The research on arch dams that has been reported in the literature has mostly comprised case studies of actual dams constructed worldwide to date. Although important lessons can be learnt from such studies, the data upon which the observations are based is very site-specific, making it difficult to apply the results to new designs that may be required elsewhere. New forms of arch dams have been explored both experimentally and via numerical simulations [1]. Good arch-dam design consists in minimising bending actions and ensuring that the state of stress is near-membrane, but bending effects will be inevitable in the vicinity of the edges [2].

It is acknowledged that attempting to generalise design situations which are generally all different from each other results in loss of design precision and the optimization that goes with it. However, such an approach can have merit in the preliminary stages of the design process, where the objective is simply to establish which alternatives are viable, and details are not too important. Real arch dams with irregular boundaries and non-uniform support conditions can be idealised as simpler models with straight-sided boundaries and support conditions that remain uniform over a given edge. By combining the simplified valley shapes with all possible surface geometries of the arch dam (singly-curved and doubly-curved shells), and with all practical thickness variations of the concrete shell, we can assemble a comprehensive set of arch-dam options. These can then be studied individually to extract important characteristics like buckling strength and buckling modes, critical stresses for material failure in tension and compression, natural frequencies of vibration, etc. A database of basic characteristics of each type of arch dam can thus be assembled.

In this preliminary study, we consider horizontally-curved arches of circular and parabolic profile, where the projection of the dam wall on a vertical plane is a rectangle of width a and depth b, and the horizontal bulge of the shell relative to the vertical plane connecting the left and right abutments (which we will call the rise of the shell) is h. The concrete shell of the dam is assumed to be of constant thickness t. Based on the load case of full hydrostatic water pressure, a numerical investigation of the dependence of the critical buckling pressure on the parameters a, t, h/a and b/a is carried out. The results are presented in the form of design curves, which allow a safe combination of design parameters to be chosen, at the same time providing an indication of the factor of safety associated with a particular design.

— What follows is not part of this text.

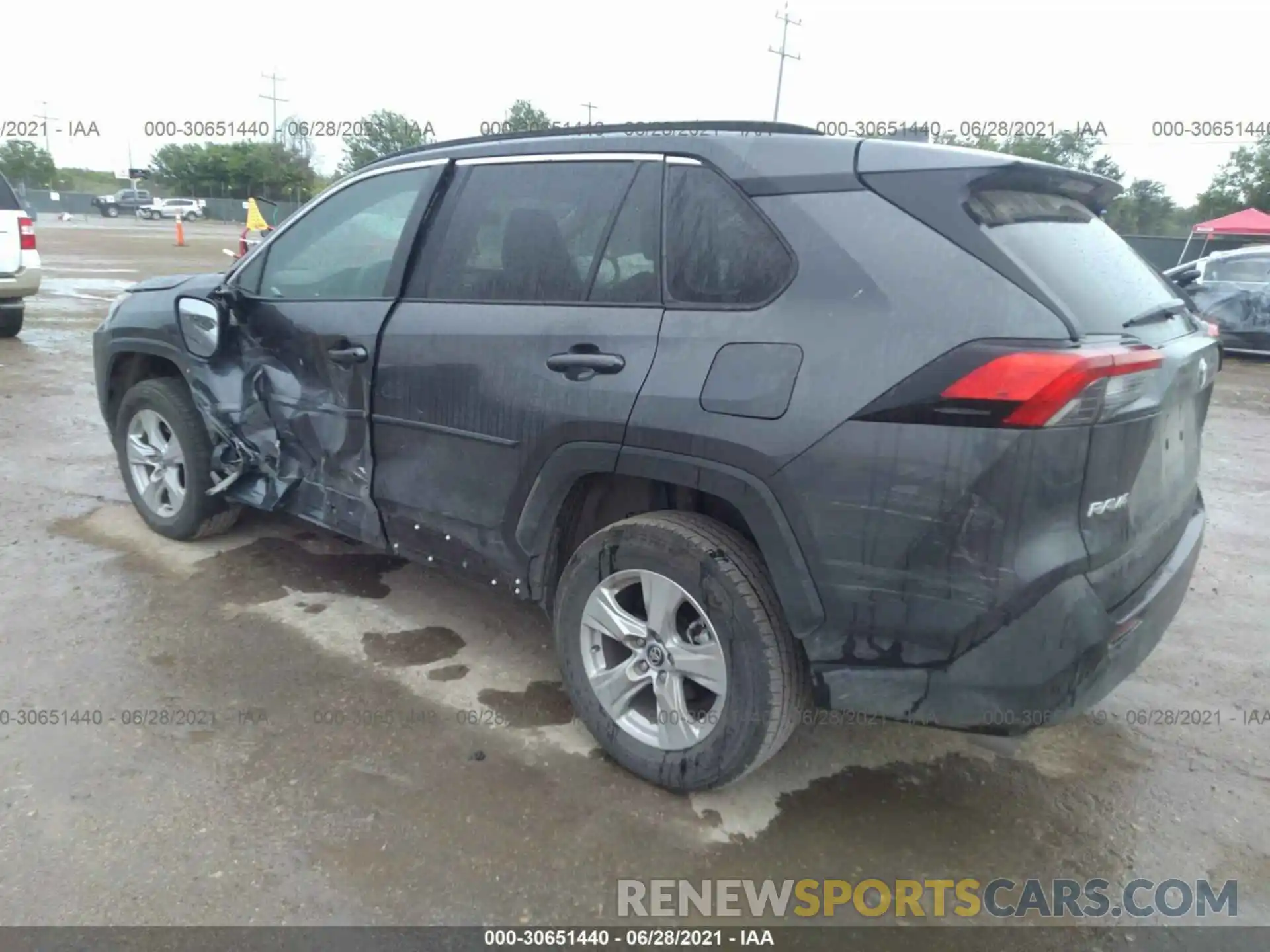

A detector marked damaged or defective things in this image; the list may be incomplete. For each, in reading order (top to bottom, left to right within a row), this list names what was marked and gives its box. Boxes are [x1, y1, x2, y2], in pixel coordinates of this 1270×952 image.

Ongoing studies are considering more complicated valley shapes, arch dams in the form of shells of double curvature (elliptic paraboloids and toroidal surfaces), walls of varying thickness (linear and parabolic), effect of vertical rib stiffeners, nonlinear material behaviour, and postbuckling response of the arch dam.

1

V.D. da Silva, E.N.B.S. Julio, "Computation of membrane shapes and analysis of arch dams", Computers & Structures, 64(1-4), 849-855, 1997. doi:10.1016/S0045-7949(96)00420-8

2

A. Zingoni, "Shell Structures in Civil and Mechanical Engineering", Thomas Telford Publishing, London, 1997.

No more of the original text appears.